Читать книгу Geochemistry - William M. White - Страница 46

It is often said that entropy is a measure of the randomness of a system. From the discussion above, we can understand why. Entropy is a function of the number of states accessible to a system. Because there are more states available to a system when energy or molecules are “evenly” or “randomly” distributed than when we impose a specific constraint on a system (such as the thermal insulation between the blocks or the partition between the gases), there is indeed an association between randomness and entropy. When we remove the insulation between the copper blocks, we allow energy to be randomly distributed between them. In the example of the combustion of gasoline, before combustion all oxygen atoms are constrained to be associated with oxygen molecules. After combustion, oxygen is randomly distributed between water and CO₂ molecules.

More precisely, we may say that an increase in entropy of a system corresponds to a decrease in knowledge of it. In the example of our two gases in the box, before the partition is removed, we know all red molecules are located somewhere in the left half of the box and all black ones somewhere in the right half. After the partition is removed, we know only that the molecules are located somewhere within the combined volume. Thus our knowledge of the location of the molecules decreases in proportion to the change in volume. Molecules in ice are located at specific points in the crystal lattice. When ice melts, or evaporates, molecules are no longer constrained to specific locations: there is an increase in entropy of H₂O and a corresponding decrease in our knowledge of molecular positions. When we allowed the two copper blocks to come to thermal equilibrium, entropy increased. There were more possible ways to distribute energy after the blocks equilibrated than before. As a result, we knew less about how energy is distributed after removing the insulation.

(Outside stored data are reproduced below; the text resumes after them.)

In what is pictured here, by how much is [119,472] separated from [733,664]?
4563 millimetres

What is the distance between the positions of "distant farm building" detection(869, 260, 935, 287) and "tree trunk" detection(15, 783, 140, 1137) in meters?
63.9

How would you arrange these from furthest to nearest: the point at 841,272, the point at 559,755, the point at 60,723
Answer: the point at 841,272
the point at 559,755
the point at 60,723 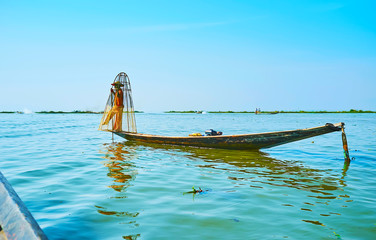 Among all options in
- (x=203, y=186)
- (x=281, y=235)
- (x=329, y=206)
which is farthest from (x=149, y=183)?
(x=329, y=206)

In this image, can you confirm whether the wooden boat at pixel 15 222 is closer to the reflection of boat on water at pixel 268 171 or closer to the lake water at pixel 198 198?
the lake water at pixel 198 198

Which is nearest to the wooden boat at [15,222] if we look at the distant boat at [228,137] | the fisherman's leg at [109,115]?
the distant boat at [228,137]

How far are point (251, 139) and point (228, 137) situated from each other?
3.26 ft

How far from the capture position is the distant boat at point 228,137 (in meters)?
8.76

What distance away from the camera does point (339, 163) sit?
898 centimetres

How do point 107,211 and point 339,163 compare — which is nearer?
point 107,211

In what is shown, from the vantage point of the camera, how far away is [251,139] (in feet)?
32.9

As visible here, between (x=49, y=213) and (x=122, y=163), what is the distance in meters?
4.61

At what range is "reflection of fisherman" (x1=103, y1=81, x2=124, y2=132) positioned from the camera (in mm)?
13787

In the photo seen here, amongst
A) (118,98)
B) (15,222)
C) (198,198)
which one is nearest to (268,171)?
(198,198)

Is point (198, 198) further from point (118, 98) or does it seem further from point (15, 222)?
point (118, 98)

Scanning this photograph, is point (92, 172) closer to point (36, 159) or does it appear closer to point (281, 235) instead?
point (36, 159)

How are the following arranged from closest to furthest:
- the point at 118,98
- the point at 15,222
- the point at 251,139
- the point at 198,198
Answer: the point at 15,222 → the point at 198,198 → the point at 251,139 → the point at 118,98

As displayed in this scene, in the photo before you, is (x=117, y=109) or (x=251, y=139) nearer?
(x=251, y=139) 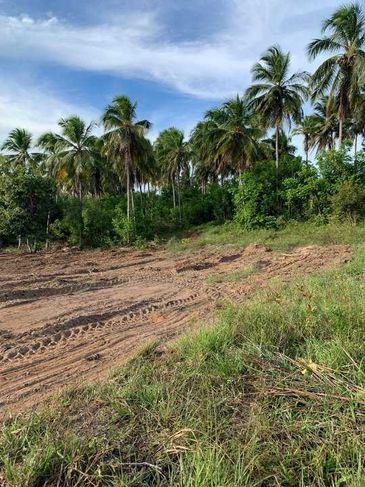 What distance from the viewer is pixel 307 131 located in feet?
136

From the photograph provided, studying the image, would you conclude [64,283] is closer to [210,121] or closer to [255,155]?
[255,155]

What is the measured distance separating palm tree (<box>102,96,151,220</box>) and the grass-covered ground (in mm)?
24298

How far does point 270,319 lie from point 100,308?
4788 mm

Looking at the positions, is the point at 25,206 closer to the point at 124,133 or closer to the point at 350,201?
the point at 124,133

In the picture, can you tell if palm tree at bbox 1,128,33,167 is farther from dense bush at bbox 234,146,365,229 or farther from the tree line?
dense bush at bbox 234,146,365,229

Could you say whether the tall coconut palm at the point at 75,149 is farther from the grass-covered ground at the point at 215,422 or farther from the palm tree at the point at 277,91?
the grass-covered ground at the point at 215,422

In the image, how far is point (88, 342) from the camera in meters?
6.46

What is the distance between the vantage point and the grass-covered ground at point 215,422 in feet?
8.54

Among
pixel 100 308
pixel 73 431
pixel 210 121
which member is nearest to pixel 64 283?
pixel 100 308

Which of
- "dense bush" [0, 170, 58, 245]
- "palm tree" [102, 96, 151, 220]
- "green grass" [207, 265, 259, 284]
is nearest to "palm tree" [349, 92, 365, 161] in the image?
"palm tree" [102, 96, 151, 220]

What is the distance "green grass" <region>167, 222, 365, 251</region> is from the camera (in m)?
19.7

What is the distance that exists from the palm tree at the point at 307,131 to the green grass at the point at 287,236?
14.6 metres

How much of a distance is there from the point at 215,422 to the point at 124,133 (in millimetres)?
26026

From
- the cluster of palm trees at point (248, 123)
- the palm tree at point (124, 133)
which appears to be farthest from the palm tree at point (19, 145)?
the palm tree at point (124, 133) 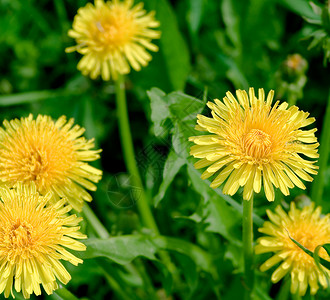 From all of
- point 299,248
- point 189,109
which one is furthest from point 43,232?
point 299,248

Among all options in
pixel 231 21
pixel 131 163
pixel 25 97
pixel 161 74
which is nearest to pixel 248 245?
pixel 131 163

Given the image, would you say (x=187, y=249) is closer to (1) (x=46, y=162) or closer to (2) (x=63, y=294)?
(2) (x=63, y=294)

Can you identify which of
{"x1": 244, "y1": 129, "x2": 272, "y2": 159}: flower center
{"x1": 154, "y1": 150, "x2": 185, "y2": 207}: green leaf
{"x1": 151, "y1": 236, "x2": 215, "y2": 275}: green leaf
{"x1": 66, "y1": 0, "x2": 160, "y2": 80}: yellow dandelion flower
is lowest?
{"x1": 151, "y1": 236, "x2": 215, "y2": 275}: green leaf

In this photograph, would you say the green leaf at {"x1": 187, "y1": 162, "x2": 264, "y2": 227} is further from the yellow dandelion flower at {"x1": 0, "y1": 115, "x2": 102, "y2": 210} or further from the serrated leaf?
the serrated leaf

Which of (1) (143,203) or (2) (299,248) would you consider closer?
(2) (299,248)

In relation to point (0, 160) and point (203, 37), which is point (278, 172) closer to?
point (0, 160)

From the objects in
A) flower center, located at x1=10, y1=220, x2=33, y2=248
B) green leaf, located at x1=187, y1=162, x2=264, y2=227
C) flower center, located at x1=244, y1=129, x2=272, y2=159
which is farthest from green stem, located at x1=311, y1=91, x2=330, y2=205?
flower center, located at x1=10, y1=220, x2=33, y2=248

As a final point, we emphasize that the second law does not mean we cannot decrease the entropy of a “system.” Otherwise, the organization of molecules we call life would not be possible. However, if the entropy of a system is to decrease, the entropy of its surroundings must increase. Thus, we can use air conditioning to cool a room, but the result is that the surroundings (the “outside”) are warmed by more than the air in the room is cooled. Organisms can grow, but in doing so they inevitably, through consumption and respiration, increase the entropy of their environment. Thus we should not be surprised to find that the entropy of the manure is greater than that of hay plus oxygen.